[Items from a dataset]
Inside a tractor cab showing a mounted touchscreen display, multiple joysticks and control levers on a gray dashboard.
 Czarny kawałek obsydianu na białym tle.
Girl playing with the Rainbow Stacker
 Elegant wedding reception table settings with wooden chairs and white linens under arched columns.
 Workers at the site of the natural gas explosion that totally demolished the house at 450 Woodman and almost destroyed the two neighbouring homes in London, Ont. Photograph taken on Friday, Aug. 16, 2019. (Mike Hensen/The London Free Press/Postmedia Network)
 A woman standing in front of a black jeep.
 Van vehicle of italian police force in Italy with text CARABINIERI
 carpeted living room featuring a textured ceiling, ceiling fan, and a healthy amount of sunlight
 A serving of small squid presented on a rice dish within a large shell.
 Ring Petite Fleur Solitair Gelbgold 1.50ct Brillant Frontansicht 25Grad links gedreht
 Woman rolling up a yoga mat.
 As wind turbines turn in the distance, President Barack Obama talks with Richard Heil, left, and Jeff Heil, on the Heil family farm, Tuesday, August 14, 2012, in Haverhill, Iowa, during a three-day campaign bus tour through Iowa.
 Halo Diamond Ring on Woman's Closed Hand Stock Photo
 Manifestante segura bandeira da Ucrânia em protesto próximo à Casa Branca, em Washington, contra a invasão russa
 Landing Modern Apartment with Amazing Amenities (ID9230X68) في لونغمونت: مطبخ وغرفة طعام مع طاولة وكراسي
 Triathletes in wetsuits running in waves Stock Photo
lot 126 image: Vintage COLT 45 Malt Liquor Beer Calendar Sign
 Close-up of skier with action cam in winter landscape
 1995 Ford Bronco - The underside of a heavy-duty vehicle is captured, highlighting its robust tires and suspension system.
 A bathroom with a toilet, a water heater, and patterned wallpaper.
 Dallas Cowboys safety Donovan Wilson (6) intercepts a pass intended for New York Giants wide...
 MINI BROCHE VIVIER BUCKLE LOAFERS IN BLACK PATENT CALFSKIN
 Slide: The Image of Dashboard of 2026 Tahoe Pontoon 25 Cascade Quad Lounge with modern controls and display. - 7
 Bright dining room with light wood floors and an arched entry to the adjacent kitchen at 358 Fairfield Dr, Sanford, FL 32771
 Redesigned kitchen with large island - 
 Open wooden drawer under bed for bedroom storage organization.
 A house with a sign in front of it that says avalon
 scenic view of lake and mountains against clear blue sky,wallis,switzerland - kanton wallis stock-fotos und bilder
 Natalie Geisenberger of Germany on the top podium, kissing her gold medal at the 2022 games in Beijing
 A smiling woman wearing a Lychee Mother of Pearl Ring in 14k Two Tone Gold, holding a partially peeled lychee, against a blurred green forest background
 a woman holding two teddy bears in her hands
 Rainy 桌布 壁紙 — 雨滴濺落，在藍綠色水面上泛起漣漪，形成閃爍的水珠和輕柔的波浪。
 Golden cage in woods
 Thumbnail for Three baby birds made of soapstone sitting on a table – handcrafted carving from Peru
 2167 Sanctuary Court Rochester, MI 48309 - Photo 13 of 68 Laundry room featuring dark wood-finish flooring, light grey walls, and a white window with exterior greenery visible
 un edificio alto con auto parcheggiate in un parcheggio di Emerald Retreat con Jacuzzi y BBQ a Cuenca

Exercise aim: Across the data, how many lines have the word "holding" in them? Respond with the number alone.

Task response: 2